Lit For Life 2017, The Hindu’s Literature Fest, brings in many voices and artists
Dalia N., III Year B. A. English
The Hindu Literature festival “Lit for Life” is a forum that shares ideas reinforced by facts and evidence. The Lit for Life 2017, held at the Lady Andal Premises from the 14th to 17th of January, was an eclectic experience involving discussions dealing with a wide range of subjects that ranged from colonial India to the India which is grappling with democracy. It welcomed the author Perumal Murugan back from the dead and introduced the city to Markus Zusak who stole hearts with his novel, “The Book Thief.” The festival involved a session for children that made it a one-of-a-kind literature festival in the country. The Hindu Prize was awarded to Kiran Doshi for his novel, “Jinnah Often Came to Our House.”
In a country where “freedom of expression” wades in murky waters, Lit for Life 2017 was a surrealistic experience. Words were exchanged liberally and consciously, words that could have been labelled seditious and words that opened new vistas to the mind.
Parallels were drawn from across the world to understand and interpret the human condition in general and to analyse the plight of an Indian. Understanding Gandhi as an idea that percolated through several generations, tackling the realisation that corruption was endemic to the Indian system, confronting the silence that soundproofed the mind clamorous with dissent, and was the chief highlight of the festival.

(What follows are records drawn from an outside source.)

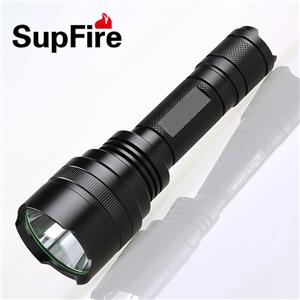 Original supfire C8 Flashlight 5 mode camping flashlight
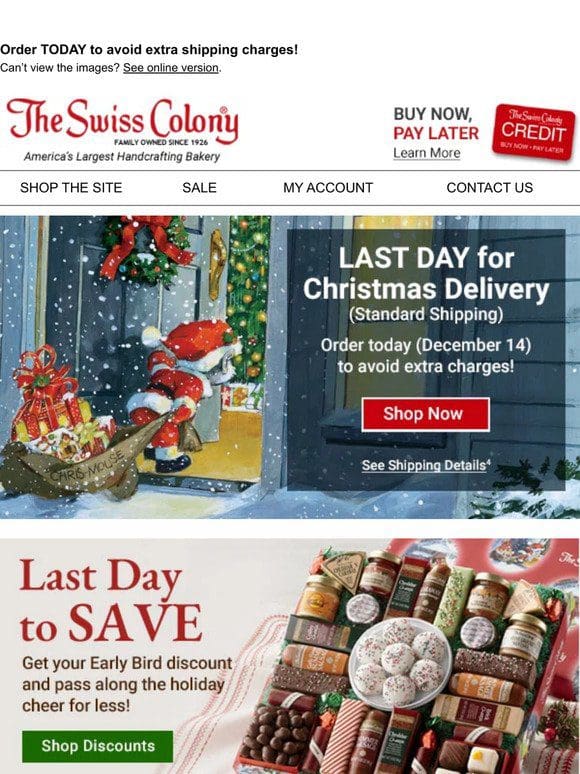Last Day for Standard Christmas Delivery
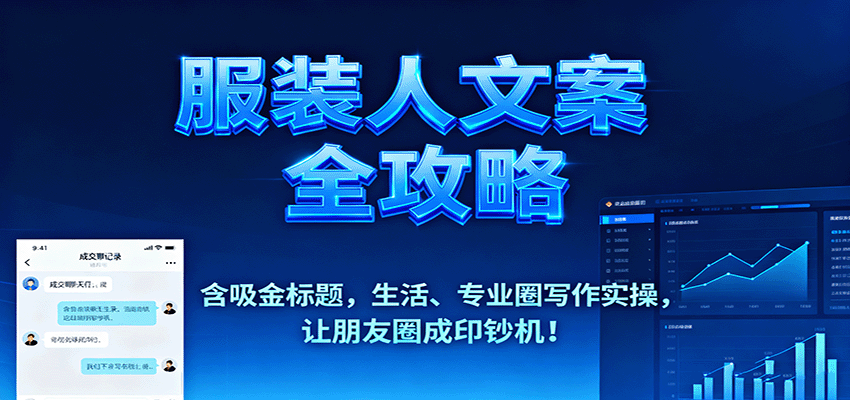 服装人文案全攻略，含吸金标题，生活、专业圈写作实操，让朋友圈成印钞机！-云推网创项目库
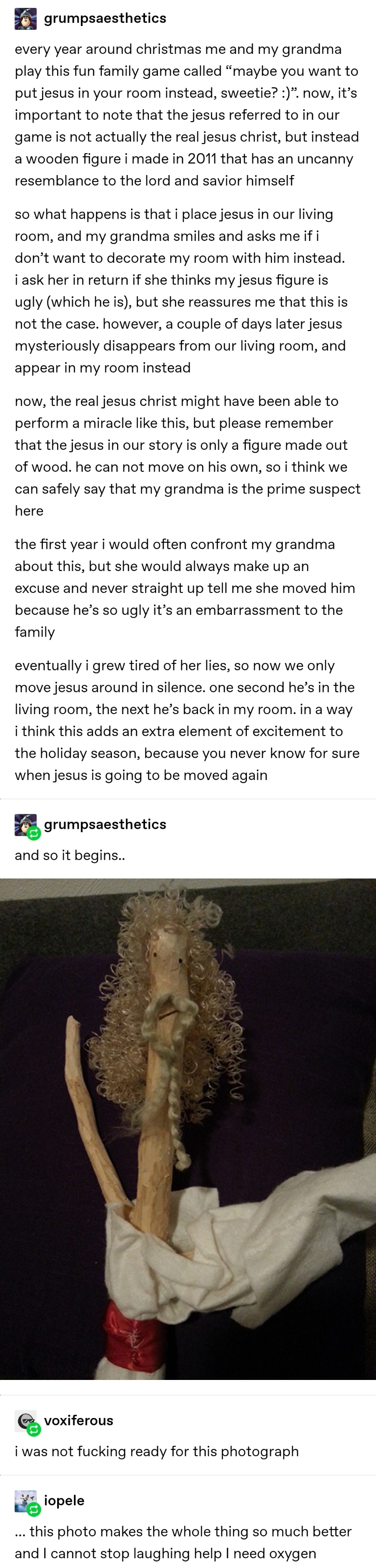 Jesus moves.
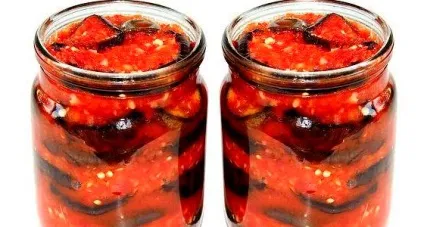 Рецепт тещин язик з баклажанів з часником - улюблена закуска (баклажанів) Рецепт тещин язик з баклажанів з часником - улюблена закуска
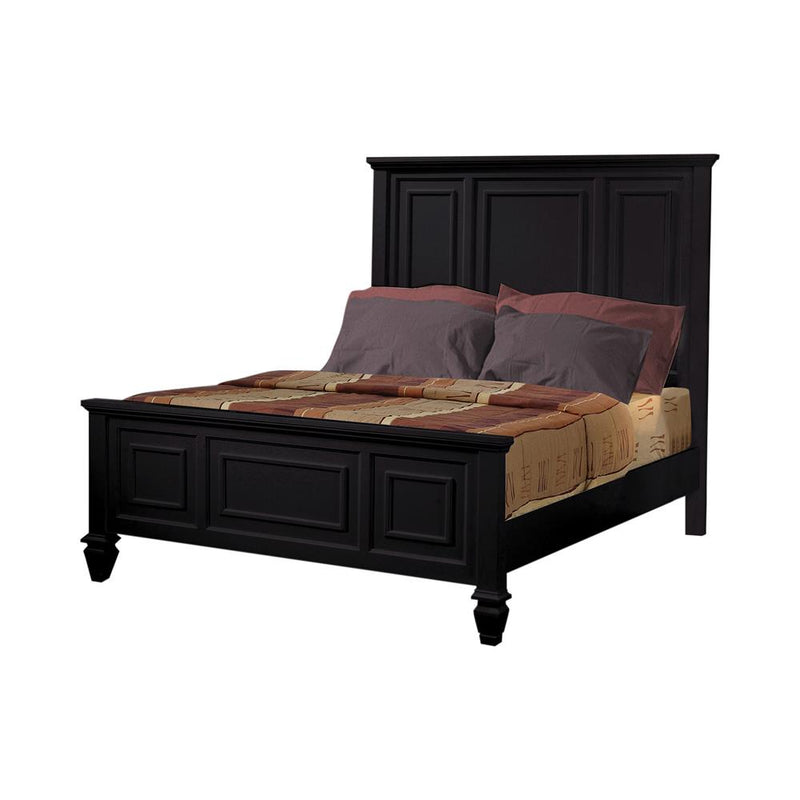 Sandy Beach Black Eastern King Storage Bed - Urban Living Furniture (Los Angeles, CA)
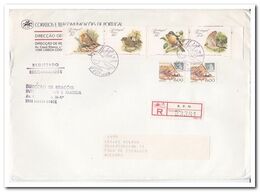 Madeira 1988, Registered Letter Send To Netherland, Trees, Birds ( From Booklet ) - Madeira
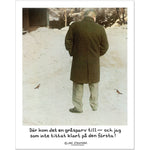 Affisch Jan Stenmark "Gråsparv" 24x30 cm.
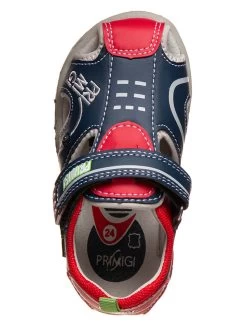 Primigi Halbsandalen In Dunkelblau/ Rot -Modeschuh Geschäft primigi halbsandalen in dunkelblau rot 3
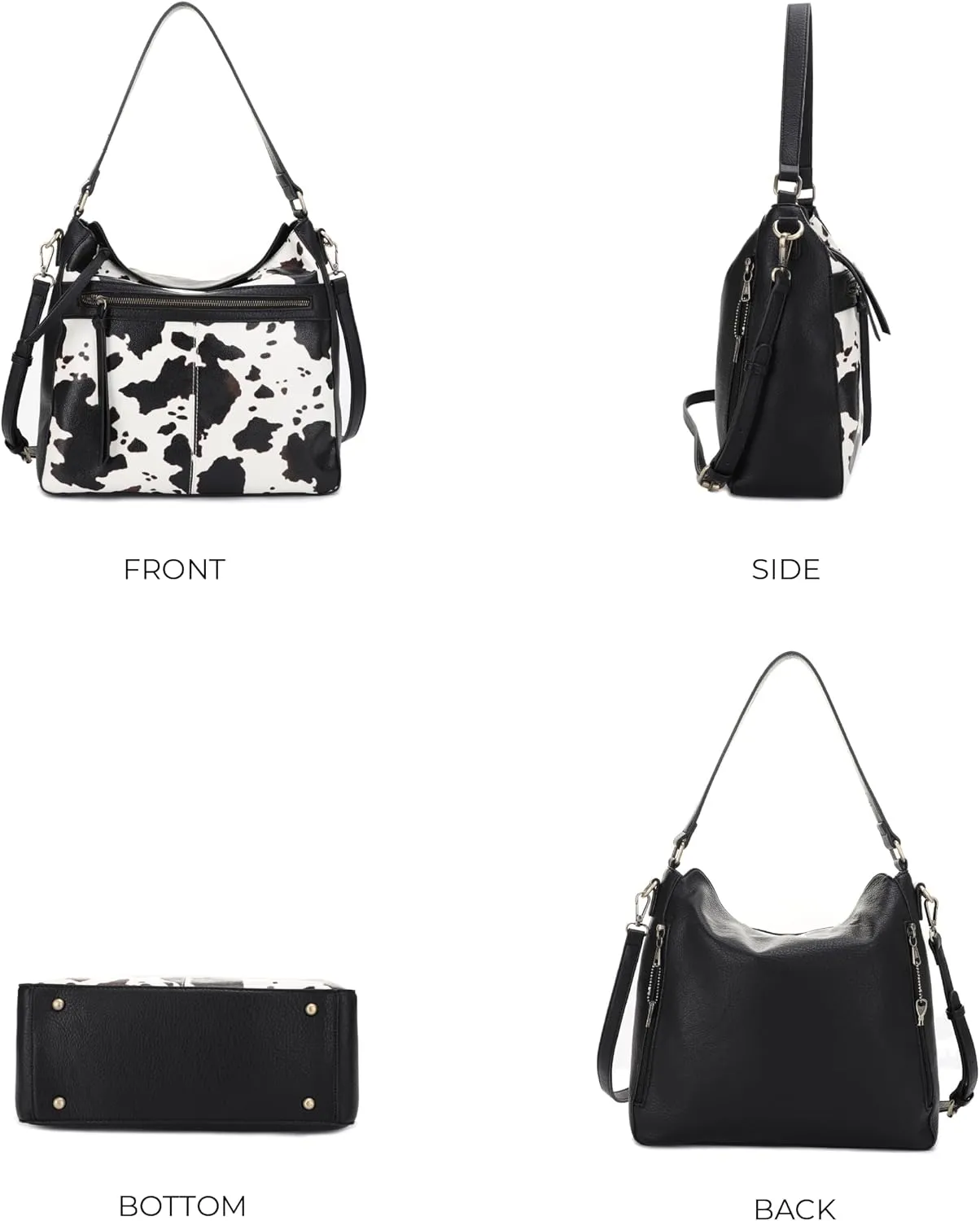 JESSIE & JAMES | Dakota Top Handle Concealed Carry Hobo Purse with Adustable Shoulder Strap
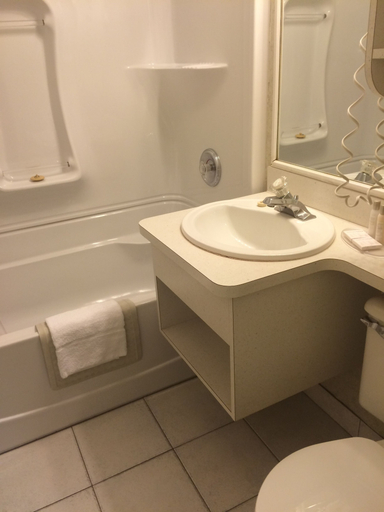 Bathroom 4, Travelodge by Wyndham Winnipeg East, Division No. 11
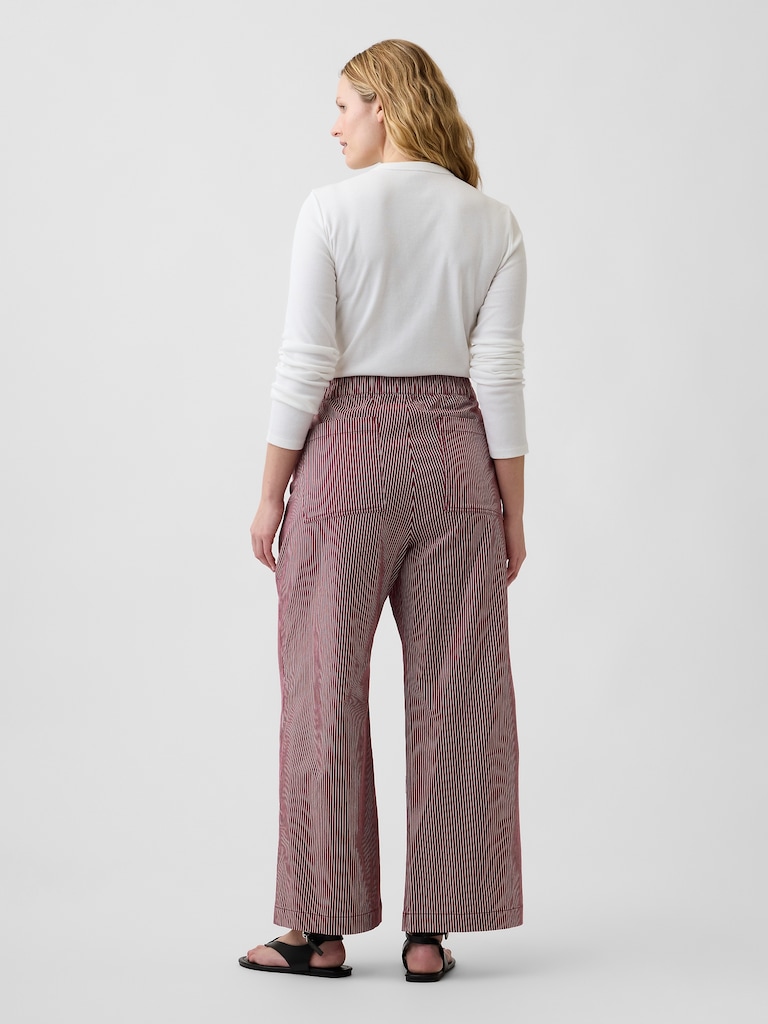 High Rise Easy Wide-Leg Khakis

With India in focus, global paradigm shifts and national issues were openly discussed. Though it was an arena meant for discussion it seemed like an armoury which corroborated ideas. The plight of democracy being reduced to a textbook concept, the furore created over implications in a country where the right to express oneself is a fundamental right, the dovetailing economy and the placidity of the successors of a generation that challenged the British Empire were questioned.
For Perumal Murugan, words were a curse and a boon. Most of the scholars who were a part of the festival reflected over the deafening silence of the Indian community at a time when dissent is the only way to change.
A few days after the Lit Fest, the Youth in Tamil Nadu gathered in vast numbers in favour of Jallikattu. There outcry did not go unanswered. Such was the power of expression. Kanhaiya Kumar said that he did not mind being called a revolutionary if fighting for rights in a democracy is considered to be radical.
Words are funny things, they can be wretched too. They are remarkable beings that find their way on to the stage, the canvas, the streets. They are found everywhere and can be felt anywhere. But they are like the elusive will-o-wisps, they can bring peace, they invite wars, they tear communities apart and they can placate wounded hearts. Forums like the Lit Fest, plant such words in the hope of seeing them sprout when the time is right. But one should never forget Dahl’s warning, “Don’t gobblefunk around with words.”